In converting between the IM service protocols and the IM protocol employed by the data processing device, the IM protocol conversion module 505 may convert various types of data objects. For example, if a particular IM service supports the transmission of graphical images (e.g., JPEG files) or sounds (e.g., WAV files), then the IM protocol conversion module 505 converts the transmitted images/sounds into a format which the data processing device 110 can process and render. Similarly, if the data processing device employs 110 file formats which are incompatible with the various IM services 420-422 such as, for example, proprietary imaging and/or audio formats, then the IM protocol conversion module 505 converts the files into a format which the IM services 420-422, and/or the clients communicatively coupled thereto, can process (e.g., standard JPEG and WAV files). A virtually unlimited number of different file types may be converted by the IM protocol conversion module 505 while still complying with the underlying principles of the invention.
Various wireless network types may be employed to support communication between the wireless device 110 and the service 100 including, by way of example but not limitation, packet-based networks such as Cellular Digital Packet Data (“CDPD”), the General Packet Radio Service (“GPRS”) and Mobitex. It should be noted, however, that the underlying principles of the invention are not limited to any particular type of wireless network 310.
Embodiments of the invention may include various steps as set forth above.
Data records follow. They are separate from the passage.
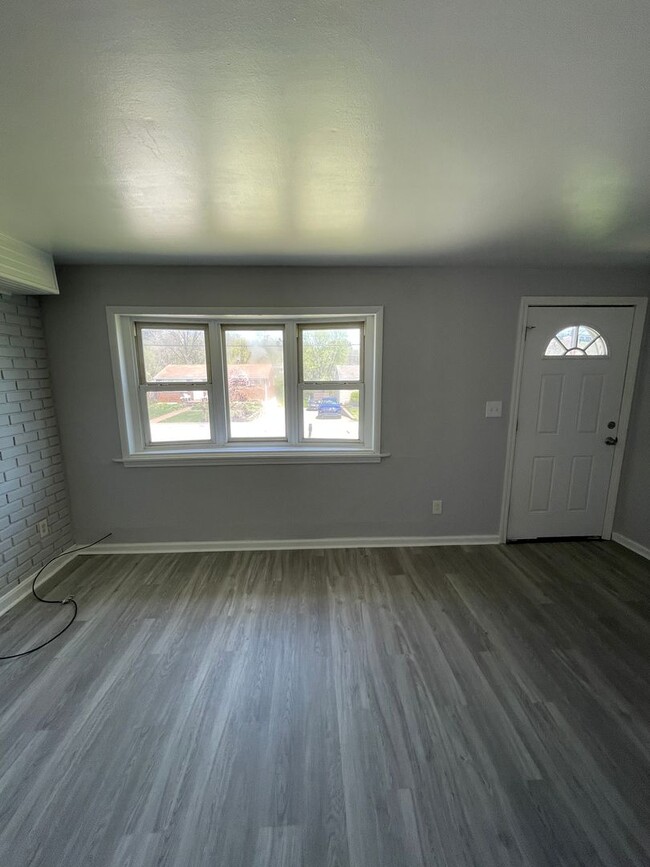 Building Photo - Freshly Renovated 3 Bedroom Ranch with Mod...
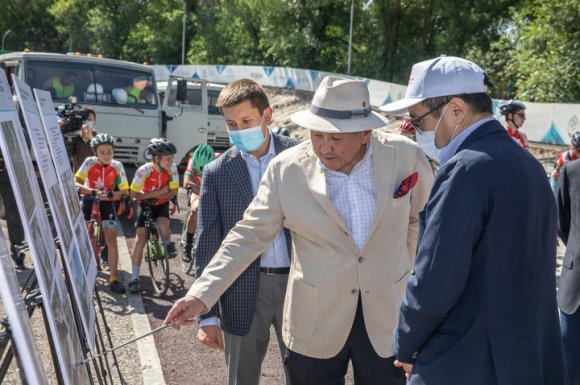 В Алматы начали реконструкцию велотрека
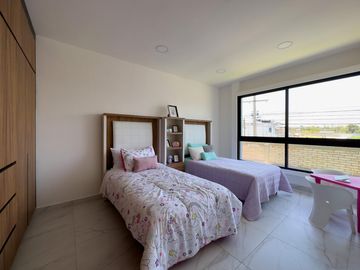 CASAS EN VENTA EN FRACCIONAMIENTO CORTIJO DE ZAVALETA, ZONA CALZADA ZAVALETA Y RECTA A CHOLULA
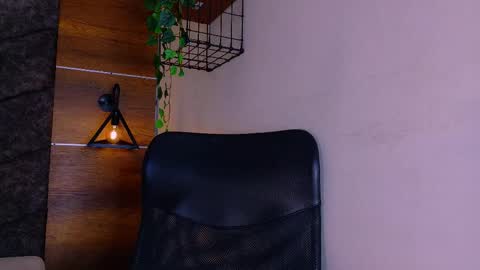 Snapshot of jenacooper__ chatting on 12/18/25, 08:04 Jena online show from 12/18/25, 08:04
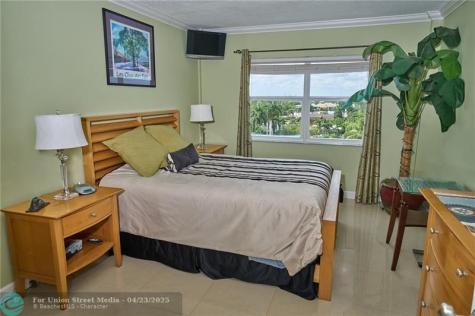 2555 NE 11th Street Fort Lauderdale FL 33304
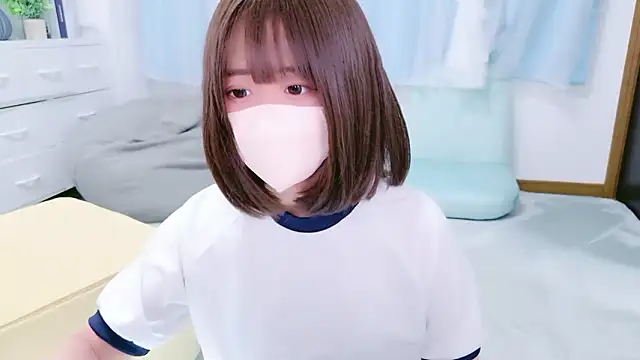 Snapshot of TSU-YU chatting on May 19, 2026, 10:11 am TSU-YU online show from May 19, 2026, 10:11 am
The steps may be embodied in machine-executable instructions which cause a general-purpose or special-purpose processor to perform certain steps. Alternatively, these steps may be performed by specific hardware components that contain hardwired logic for performing the steps, or by any combination of programmed computer components and custom hardware components.
Elements of the present invention may also be provided as a machine-readable medium for storing the machine-executable instructions. The machine-readable medium may include, but is not limited to, floppy diskettes, optical disks, CD-ROMs, and magneto-optical disks, ROMs, RAMs, EPROMs, EEPROMs, magnetic or optical cards, propagation media or other type of media/machine-readable medium suitable for storing electronic instructions. For example, the present invention may be downloaded as a computer program which may be transferred from a remote computer (e.g., a server) to a requesting computer (e.g., a client) by way of data signals embodied in a carrier wave or other propagation medium via a communication link (e.g., a modem or network connection).
Throughout the foregoing description, for the purposes of explanation, numerous specific details were set forth in order to provide a thorough understanding of the invention. It will be apparent, however, to one skilled in the art that the invention may be practiced without some of these specific details. For example, while the embodiments described above focus on an instant messaging implementation, the underlying principles of the invention may be implemented using various alternate messaging protocols. Accordingly, the scope and spirit of the invention should be judged in terms of the claims which follow.